Fav10 Sorgu Odası - Hafta 59 - Sorgudaki İsim: Tolstoyevski

Durum
Üzgünüz bu konu cevaplar için kapatılmıştır...
Foruma ilk geldiğin zamanlarda sık sık Türk dizilerini ve filmlerini Game Of Thrones ile karşılaştırırdın ve büyük tepki toplamıştın, şimdilerde neden bu tarz karşılaştırmalar yapmıyorsun, tepkilerden mi korktun?


Forum yönetiminin başına geçsen forumda neleri değiştirirdin?

Sence emekli olmalı mıyım? Olursam forumda bir artı ya da eksi ne gibi durumlar oluşur.


Çoğu zaman hayatı dalgalı bir nehire benzetirim, sen durgun bir denizi mi tercih ederdin yoksa dalgalı bir nehrini mi? Burda sorduğum suda yüzmek değil anlamışsındır ne demek istediğimi. :S
 
Son dönemde bir grup bilim adamları Dünya düzdür teorisini ortaya attılar. Sence yillardir bildiğimiz bir gerçek aslında kocaman bir yalan mı? Bu konu hakkında ne dusunuyorsun.


Al sana siyaset dışında tartışacağımız bir soru ?
 

Kolay bir soru olmuş, duraktakiler annem ve babam bile olsa dahi öncelik hastaneye yetişmek zorunda olanındır elbet
Üçü de denizde boğulmak üzere, kimi kurtarırsın deseydin yine zorlanmadan cevap verirdim gerçi: Hiçbirini, çünkü yüzme bilmiyorum.


@Tolstoyevski benim hakkimda ne dusunuyosun


Neden uzaya aşıksın


Ilerde ne tarz bir kızla evlenmek istersin ?

Diyelim ki kız arkadaşın seni en yakın arkadaşınla aldattı ama senden çocuğu olacak ne yapardin
Forumun en çocuk ruhlu ve renkli kişiliğisin, konu ve yorumların ortam neşe katıyor bence, hep burada olursun umarım.
Ama Tus yakın meşaleleri yakın, bi bakmışsın 5 sene bitmiş.

2) Uzaya deli gibi aşık değilim yalnızca dünyadan daha çok seviyorum çünkü her şeyden önce koca bir bilinmezlik deryası. Tıpkı gelecek gibi uzay da bu yüzden benim çok ilgimi çekiyor ama teknik konulara girmeden
İstiyorum ki uzay boşluğunda sonsuza kadar süzüleyim. :

3) Mümkün mertebe kafa dengi olmalı ve zevklerimiz çok fazla farklı olmamalı. Her şeyden önce değişime açık olmalı ve karakterli olmalı.

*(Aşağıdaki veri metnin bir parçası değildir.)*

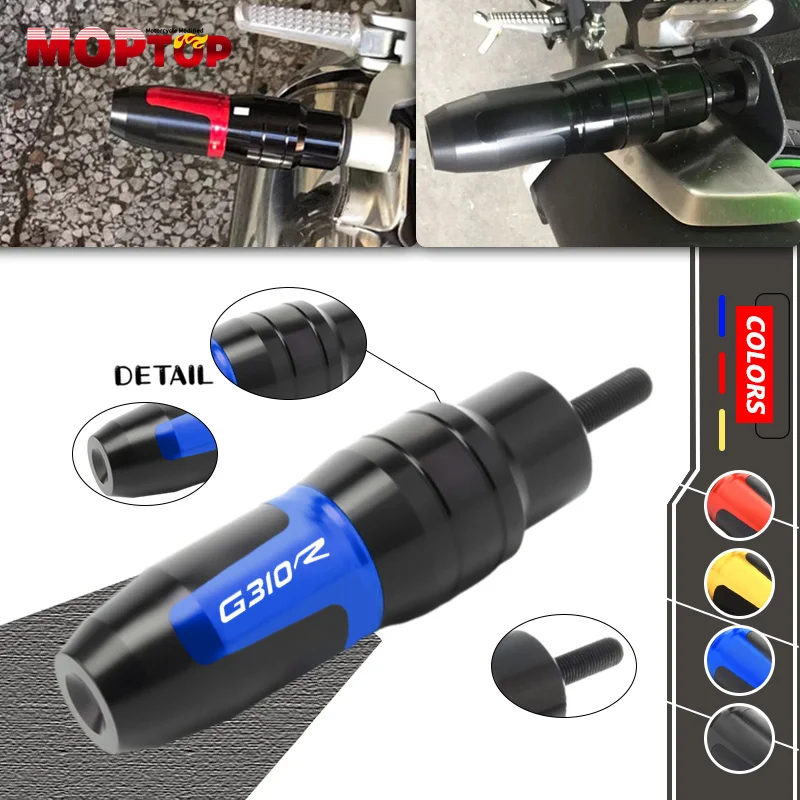 

NEW Motorcycle Accessoires Falling Protection Exhaust Slider Crash Pad sliders For BMW G310R G310GS G310RR G 310R 310GS 310RR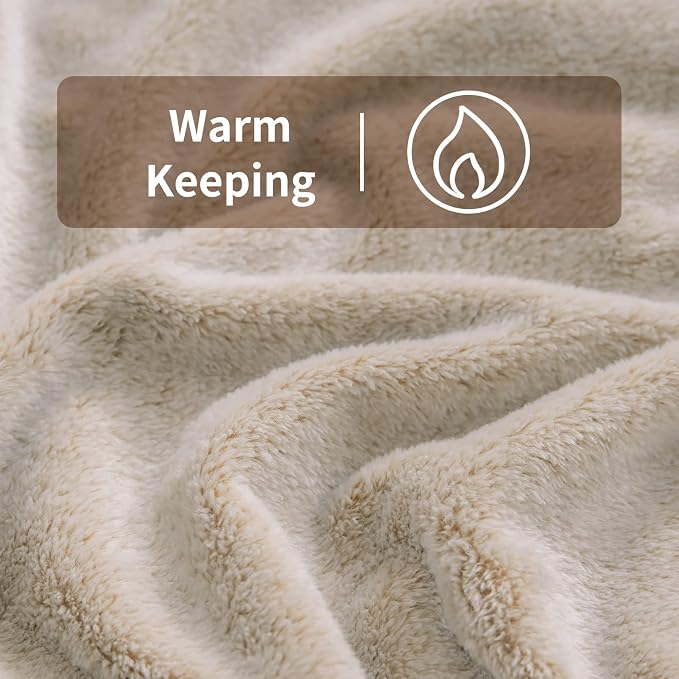 Flannel Fleece Throw Blanket, Lightweight Cozy Plush Microfiber Bedspreads for Adults,90 by 108-Inch,Brown Zebra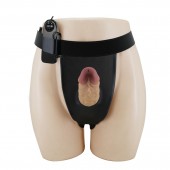 Полый вибрострапон на регулируемых трусиках Draven - 17,5 см. - Baile - купить с доставкой в Новочеркасске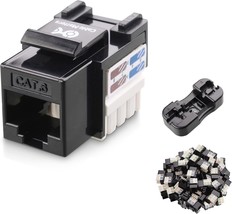 UL Listed 50 Pack 10Gbps Cat6 Keystone Jacks RJ45 Keystone Jack Ethernet Keyston - £107.71 GBP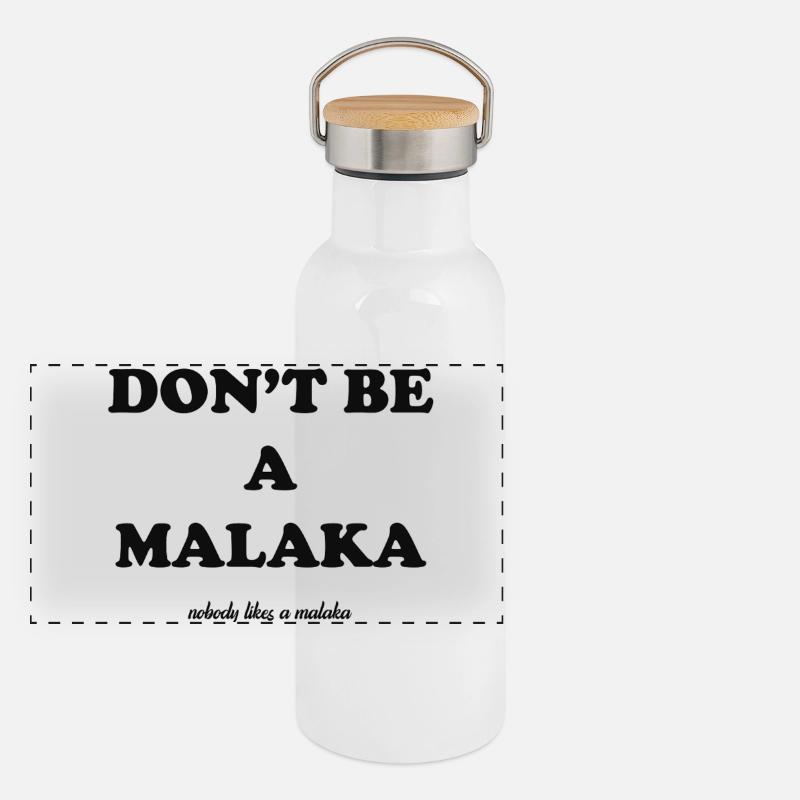 don't be a malaka Panorama Thermosflasche mit Bambusdeckel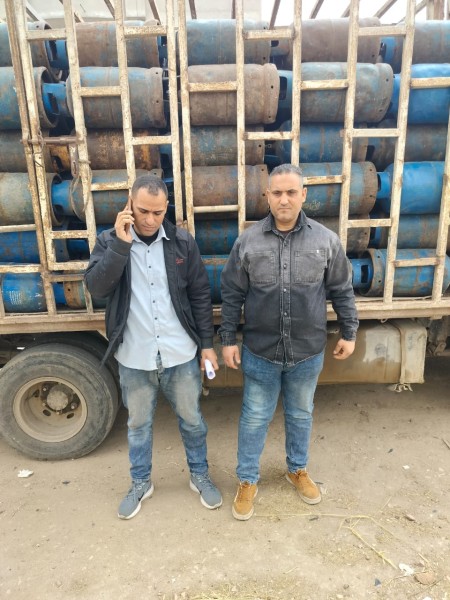 ضبط مستودع غاز مخالف بالبحيرة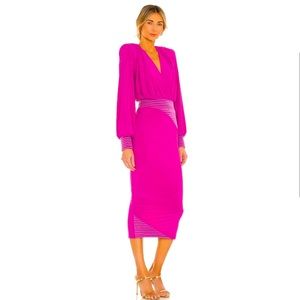 Zhivago Lover Man Dress in Berry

4) Öyle bir durumdan eğer kürtaj mümkünse acilen kürtaj talep ederdim. Zamanı geçmişse ya da kadın istemiyorsa, yapacak bir şey yok ayrılırdım ama çocuk için çok kötü bir başlangıç olurdu. Yine de Bu durumda ayrılmaktan başka bir seçenek yoktur.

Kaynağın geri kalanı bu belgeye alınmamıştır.